TREKKING PEAKS AT RIGHT TIME TO WIN STRADBROKE

TREKKING PEAKS AT RIGHT TIME TO WIN STRADBROKE

A meticulous plan laid out by Godolphin Australia’s head trainer James Cummings paid off in spades when exciting sprinter Trekking produced a peak performance to land his maiden Group 1 success in yesterday’s Group 1 $A1.5million Stradbroke Handicap (1400m).
Trekking ($7) defeated Tyzone ($8) by a length and three-quarters, with New Zealand-trained Endless Drama ($11) another length and a quarter back in third.
Trekking has won now eight of his 20 starts, four of them at stakes level, with prize-money totalling $1,540,495. The gelded son of Street Cry took out the Group 3 Hall Mark Stakes (1200m) at Randwick on April 20 before landing the Listed Luskin Star Stakes (1300m) at Scone in May and was then specifically aimed at the Stradbroke, Queensland’s premier sprint.
“You don’t get too many chances at a Stradbroke so we didn’t leave much to chance,” Cummings said.
“I ran him in the Kingsford Smith Cup here two weeks ago to have a look at the track, then he had a very good gallop on the course proper on Tuesday to get him ready.”
It was Godolphin’s second Stradbroke after Impeding won in 2017 when Darren Beadman was interim trainer. The Stradbroke was also the second leg of a Group 1 double for jockey Kerrin McEvoy, who also took out yesterday’s J J Atkins Plate (1600m) for two-year-olds with Prince Fawaz.
“He (Trekking) is a promising horse and you know when you get on one of James’s horses they are fit and ready,” McEvoy said.
“The fast early pace suited him and we were able to come into the race when we wanted.”

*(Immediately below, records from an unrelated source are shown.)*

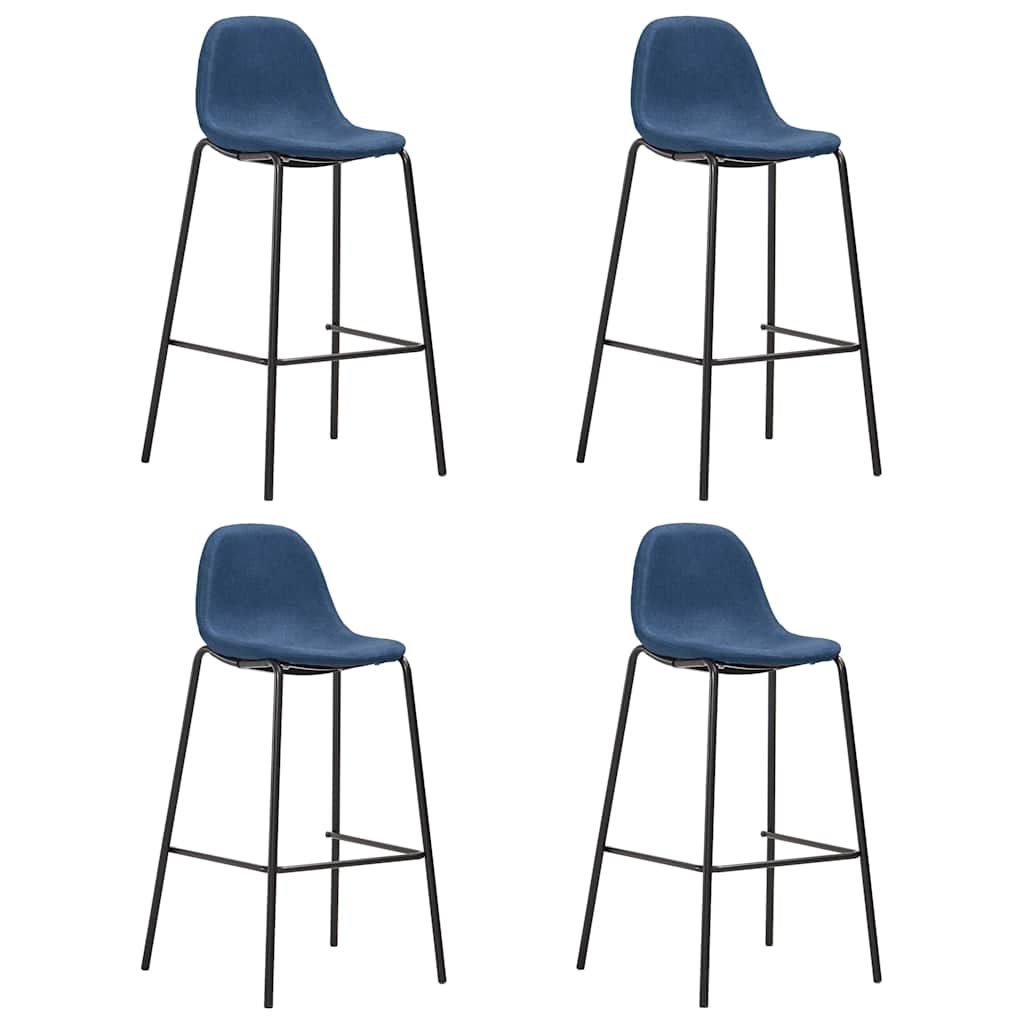 Set da Bar 5 pz in Tessuto Blu vidaXL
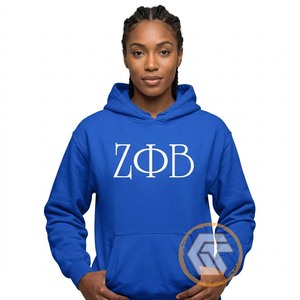 GREEK TREASURES Sudadera con Capucha Personalizable para Adultos, Invierno, Zeta Phi Beta, para Mujer, con Bordado a Máquina en la Parte Delantera, Transpirable, 100% Algodón - Product Image 4
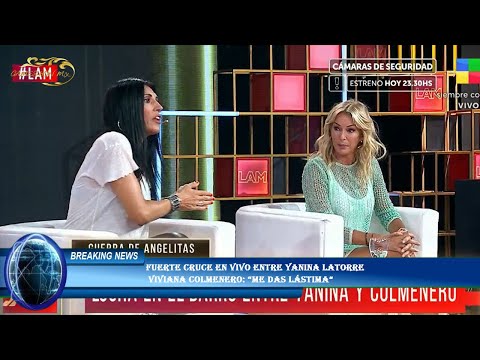 Fuerte cruce en vivo entre Yanina Latorre  Viviana Colmenero: “Me das lástima”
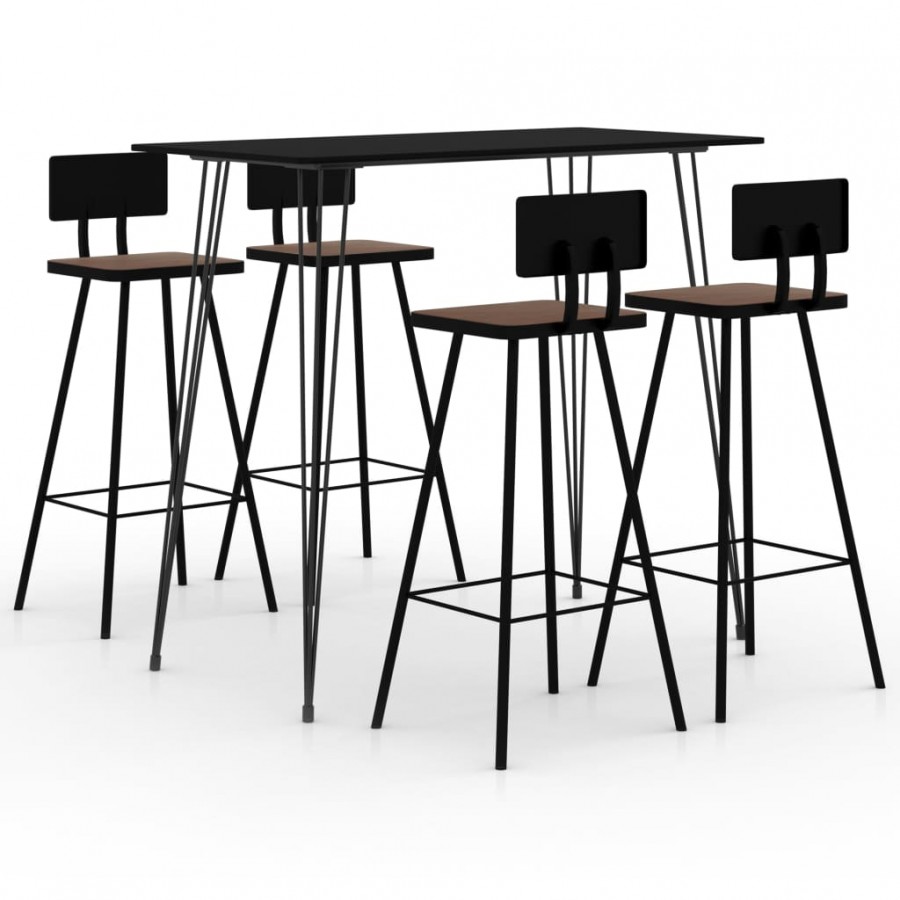 Ensemble de bar 5 pcs Noir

Trainer Toby Edmonds said of runner-up Tyzone: “He tried hard and I am so proud of him.” His rider Tommy Berry said he got a nice tug into the race behind Trekking and he thought he could win, “but he was a bit strong for us”.
Leith Innes said the Tony Pike-trained Endless Drama had come a long way in a couple of months since being transferred to New Zealand.
Pike’s other charge and race favourite The Bostonian was slow to begin and was never a winning hope.
“He lost his footing at the start and that was the difference,” jockey Michael Cahill said.
Cummings’ late grandfather Bart Cummings won the Stradbroke four times, while it was also a memorable occasion for his father Antony, who trained Prince Fawaz to win the J J Atkins Plate.